Timeless and individual, Richard Goode’s artistry shines in Bach and Haydn

Tue Apr 27, 2010 at 11:15 pm

By Dennis Polkow

Richard Goode performed music of Bach and Haydn at Symphony Center.

Audience members almost audibly wince when management steps out for an announcement at the beginning of a recital: is somebody sick or is repertoire that ticketholders were looking forward being dropped from the planned program?

Only at a Richard Goode recital would you get the announcement that a piece had actually been added to Symphony Center’s Sunday afternoon recital.

The supplementary work was Bach’s Prelude and Fugue in G Major (BWV 885) from Book II of The Well-Tempered Clavier, played before the already announced opening Bach set that included the Prelude and Fugue in f-sharp minor (BWV 883) and the Prelude and Fugue in C-sharp Major (BWV 872), all also from Book II of the WTC.

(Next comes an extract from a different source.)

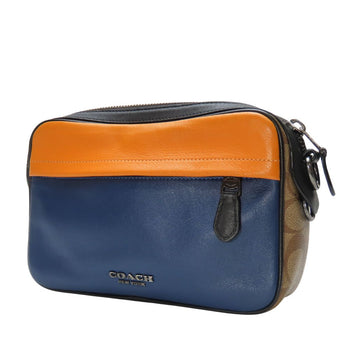 Coach Shoulder Bag 89899 Leather, Pvc Navy Camera Bag Mens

That was a smart call, setting the precedent that would also hold true for the Haydn, with bright, upbeat and brilliant pieces in major keys sandwichiching an introspective, slower piece in a minor key.

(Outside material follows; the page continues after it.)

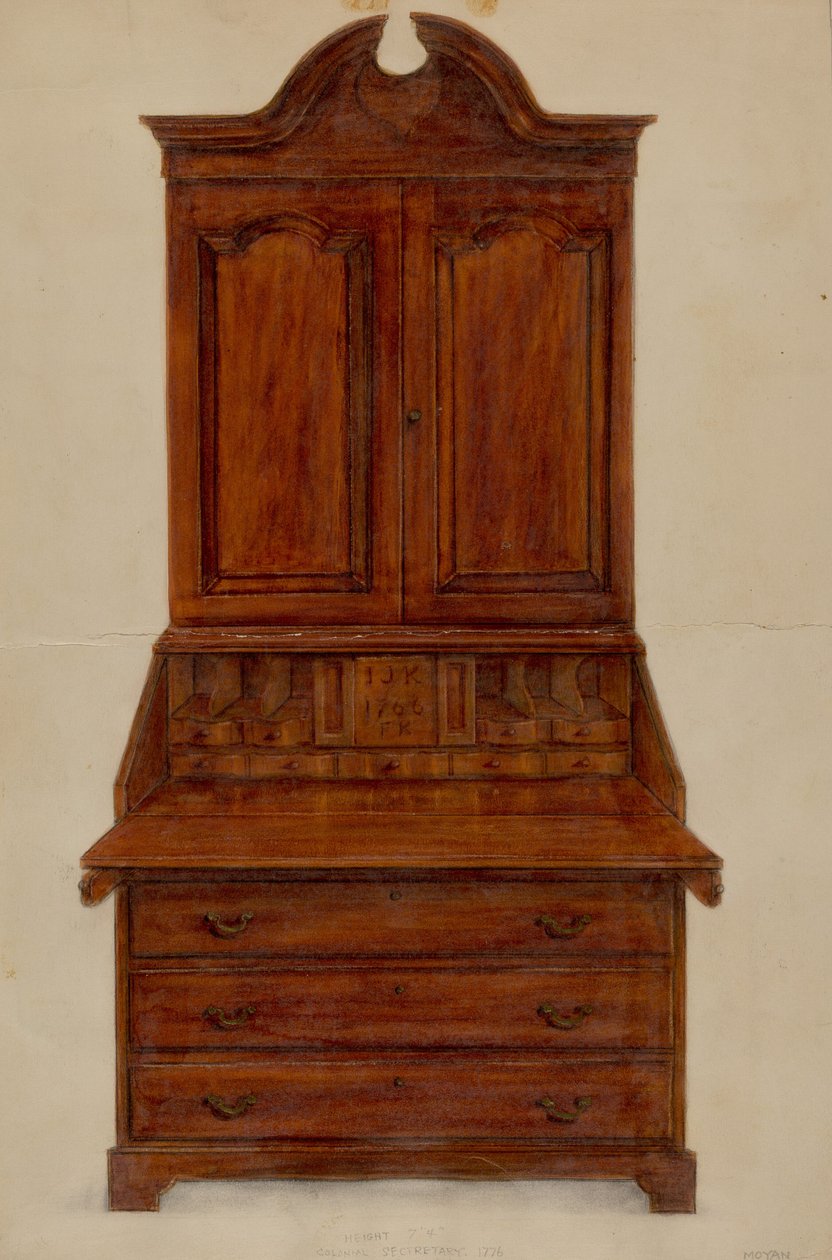 Desk by Franklin C. Moyan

Goode’s Bach is a curious hybrid of early music thinking and a more Romantic approach: on one hand, he rarely pedals and allows transparency, form and clarity to dominate features of the music, often taking tempos briskly. Yet repeats are given dynamic contrast and include pianistic shading and colors of vintage 19th-century variety and eccentric rubato that will sometimes nearly grind an established tempo to a halt.

Taken on its own, this was a far more personal interpretation of Bach than is considered acceptable these days, yet given the musicianship and connection to the rest of Goode’s program, he managed to make it work.

How often do you have a chance to hear not one, but three, Haydn sonatas on a single program? This was a bold move, and each were positioned for maximum contrast.

The Sonata in E Major (Hob. XVI:22) and b minor (Hob. XVI: 32) both belong to Haydn’s so-called Middle Period, which in terms of his keyboard sonatas means that he was moving away from the faithful use of classical form that he had established in the early sonatas—-from the limitations of the clavichord and embracing the new fortepiano and its dynamic possibilities, with pieces more demanding, daring and unpredictable.

It was evident that Goode chose Haydn sonatas that show a particular debt to Bach — or at least Goode’s own interpretation of Bach, particularly in terms of how he handled rolling arpeggios — but in the case of the Sonata in C Major (Hob. XVI:50), he also wanted to make Haydn a link to the ardent Romanticism that would be represented on the second half of the program.

Schumann’s Kreisleriana made up the remainder of the planned program, a world that Goode seemed more familiar and comfortable with not only in terms of this being the only piece of the day where he was not reading music, but also in terms of his confidence and swagger.

From the opening notes, Goode literally attacked the instrument like a pianistic alchemist, bringing forth a huge variety of colors and moods. Goode strived to show the enormous debt that Schumann owed to Bach and Haydn, despite such explosion of form and Schumann’s putting the music completely at the service of emotion.

Encores included music by Elizabethan composer William Byrd that consisted of a prologue followed by a lively minuet, as if to show that even Bach had his influences, and a Chopin nocturne that saluted the Chopin bicentennial while also serving as a fitting farewell to an extraordinary afternoon.